Capital Structure Consultation 2021

The level of investment to be part of our Co-op is challenging for a number of farmers.

If we provide more flexibility, the Fund size could grow significantly. Our Co-op has constitutional thresholds designed to balance the interests of farmer owners and the interests of external investors in the Fund. Exceeding those thresholds could put farmer ownership and control at risk. We know that’s not something any of us want to see. If we provide more flexibility to reduce the level of investment for farmers to be part of our Co-op, without making any other changes to our current capital structure, our thresholds could be exceeded relatively quickly. That’s because farmers would be able to hold less shares and non-farmers would be able to invest more through the Fund. Therefore, providing more flexibility would need to be combined with making changes to the Fund in order to protect farmer ownership and control. The Fund size could also grow if milk supply declines. Under our current structure, when milk supply declines, the number of wet shares on issue decreases and the number of dry shares increases by a corresponding amount. Those dry shares can then be exchanged into units at any time, increasing the potential size of the Fund. If we make no changes to our capital structure and milk supply declines, we expect current thresholds relating to the Fund size to be exceeded within a few seasons.

We have choices to make around how we could address these challenges, and we want to talk with you first. To stay within the thresholds, our Co- op would need to take action such as buying back shares or units. This creates an uncertain demand on our capital, potentially impacting our ability to invest in strategy and growth. Under the scenarios that we’ve modelled, buy-backs could cost shareholders between $500 million and $1.2 billion over the next ten seasons. We’ve looked at a wide range of options. No structure is perfect, and all options have trade-offs. What we’re not willing to trade off is farmer ownership and control of our Co-op, which protects our interests as producers. Exactly how our capital structure evolves is a conversation for us as owners and is what we want to consult with you on now.

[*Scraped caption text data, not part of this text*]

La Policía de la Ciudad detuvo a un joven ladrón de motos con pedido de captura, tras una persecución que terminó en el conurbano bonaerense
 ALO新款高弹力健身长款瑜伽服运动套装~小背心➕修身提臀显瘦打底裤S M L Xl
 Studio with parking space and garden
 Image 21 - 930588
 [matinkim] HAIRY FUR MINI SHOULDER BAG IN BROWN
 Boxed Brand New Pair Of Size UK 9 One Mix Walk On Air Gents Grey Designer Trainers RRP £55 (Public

We all have a lot of capital invested in the Co-op. While it’s important for each of us to have skin in the game, we’re hearing there’s a desire for greater flexibility. This has come through in your feedback and we’ve heard it from farmers who have left in recent years. The investment that’s required to supply the Co-op is making it challenging for new farmers to join and can be a key factor for existing farmers in deciding to leave so they can pay down debt or invest their capital in other things. This can be a real challenge for succession, forcing difficult decisions when farm businesses transition from one generation to the next. At a share price of $5.00, a farmer supplying 150,000 kgMS would have $750,000 invested in our Co-op. Strong performance only increases this investment requirement. As our earnings increase, so too should the share price, which increases the capital investment to join, and the capital for those who leave. In short, we believe our capital structure is tilting the playing field against us when compared to other processors – the vast majority of which are corporates and don’t require any capital investment from farmers who supply them. What we’re hearing is that providing more flexibility would be valued by farmers and go a long way to supporting a sustainable milk supply.